2. The grounds contend that the bank letter dated 27th August, a letter which the judge found did not include a reference to a landline telephone number, should have been read in conjunction with a second document submitted with the application which is a transaction docket which carries the telephone number of the account holder. The first point I make on that matter is that the specified document requirement has, as has been recently discussed in the case of Akhter & Another (paragraph 245AA: wrong format) [2014] UKUT 00297, set out a requirement that needs to be interpreted as it is written. The requirement set out at SD-41(a)(i)(10) is a requirement that the specified document i.e. each letter as described in the Rule must carry that number. On the face of it the judge's finding: that the letter itself does not carry that landline telephone number, is correct. The Appellant's argument that the document should be read in conjunction with the transaction docket falls away in light of the finding in Akhter that the requirement must be met by the document specified, and that the failure to meet a requirement in the context of that document does not mean that it is in the wrong format, giving the Appellant the possibility of benefiting from the application of 245AA. It follows that the judge in directing himself that despite that failure he would be entitled to find that the Rule was met is plainly in error. It is not however an error which I find requires me to set the decision aside because if properly directed it would have resulted in a refusal and the judge has in any event dismissed the appeal on other grounds.
3. The second contention is that the specified documents requirement in respect of availability of funds has been too narrowly construed by the judge.
4. The Judge found that the evidence of availability of funds was inadequate on two counts the specified document from the Sponsor qualified the availability of funds describing them as being available following the grant of a visa. The qualification is reflected in the confirmatory letter from the bank. The requirements of the Rules are directed most particularly at the question of the Sponsor making available the funds as evidenced by declaration, and consistent with that a confirmatory letter from the bank. The two are consistent with each other. The difficulty with the qualification in the evidence provided in this case is that the requirements at in SD-41 (a) (i) (9) and at (b) (i)) requires that the funds are available and at (b) (9) remain the present tense position is fortified by the Sponsor having to confirm that the funds will remain available to the point of transfer. Remain in this context necessarily infers availability prior. A plain reading of the rules undermines the contention before me today that the qualification in terms of when the fund becomes available is not relevant in the context of the requirements of the Rules is not sustainable.
5. Accordingly, both the letter from the bank and also the third party declaration failed to meet the specified documentary evidence requirements.

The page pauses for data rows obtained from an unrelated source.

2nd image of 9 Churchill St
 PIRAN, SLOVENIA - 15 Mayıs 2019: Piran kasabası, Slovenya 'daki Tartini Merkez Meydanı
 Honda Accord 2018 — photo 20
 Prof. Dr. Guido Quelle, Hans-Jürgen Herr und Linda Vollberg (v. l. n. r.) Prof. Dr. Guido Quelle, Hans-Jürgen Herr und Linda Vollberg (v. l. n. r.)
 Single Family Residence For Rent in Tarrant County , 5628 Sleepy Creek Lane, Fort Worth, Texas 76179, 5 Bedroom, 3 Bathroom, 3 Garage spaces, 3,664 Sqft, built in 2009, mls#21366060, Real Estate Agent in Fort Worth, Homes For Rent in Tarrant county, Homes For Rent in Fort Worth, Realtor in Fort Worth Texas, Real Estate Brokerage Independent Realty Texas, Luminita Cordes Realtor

Neither are matters which the Appellant can look to paragraph 245AA or any evidential flexibility policy to provide assistance in the context of the guidance set out in the case of Akhter to which I have already referred. It follows accordingly that the judge's decision dismissing the appeal contains no material error of law and it stands.
6. Counsel also sought to rely on a matter not raised in the grounds namely an assertion that another Appellant, a business associate of the Appellant, has benefitted from a less restrictive reading of the rule by a different judge. That is an argument which is not open on the grounds upon which permission has been granted but in any event cannot reveal a material error of law in the judge's determination in respect of this Appellant. The judge in the earlier case would not have had the benefit of the guidance of the case of Akhtar but in any event it is a well established point that even when another Appellant has benefitted from an erroneous legal decision it does not operate to mean that an appeal lawfully dismissed is flawed by legal error requiring it to be set aside and remade in the Appellant's favour.